• **Task**
Once you find the line with "WVGJV7AX6FW518920 Volkswagen Tiguan" in the listing below, set down exactly every line from it through the line with "Volvo - XC40", but no pictures.

===== Available records

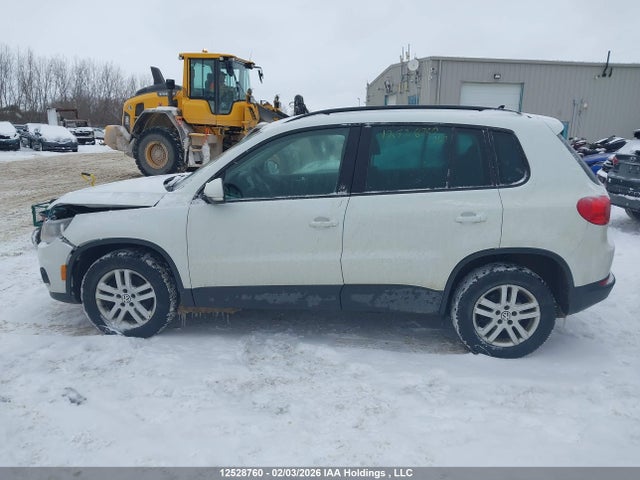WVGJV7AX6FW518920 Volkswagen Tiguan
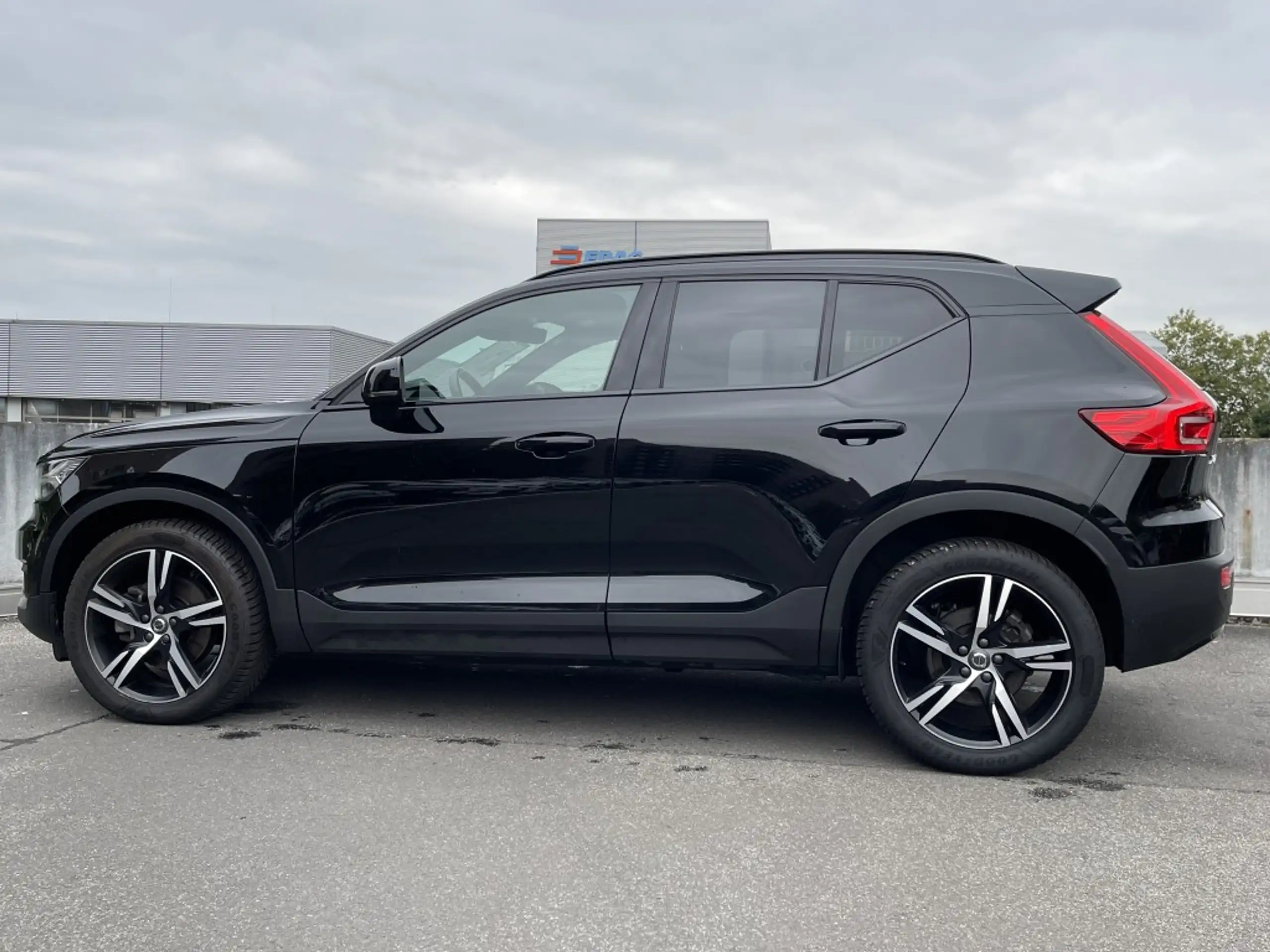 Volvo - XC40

==========
===== Available records

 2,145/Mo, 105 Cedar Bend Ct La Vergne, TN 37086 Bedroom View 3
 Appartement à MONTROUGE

==========

• **Problem solution**
WVGJV7AX6FW518920 Volkswagen Tiguan
 Volvo - XC40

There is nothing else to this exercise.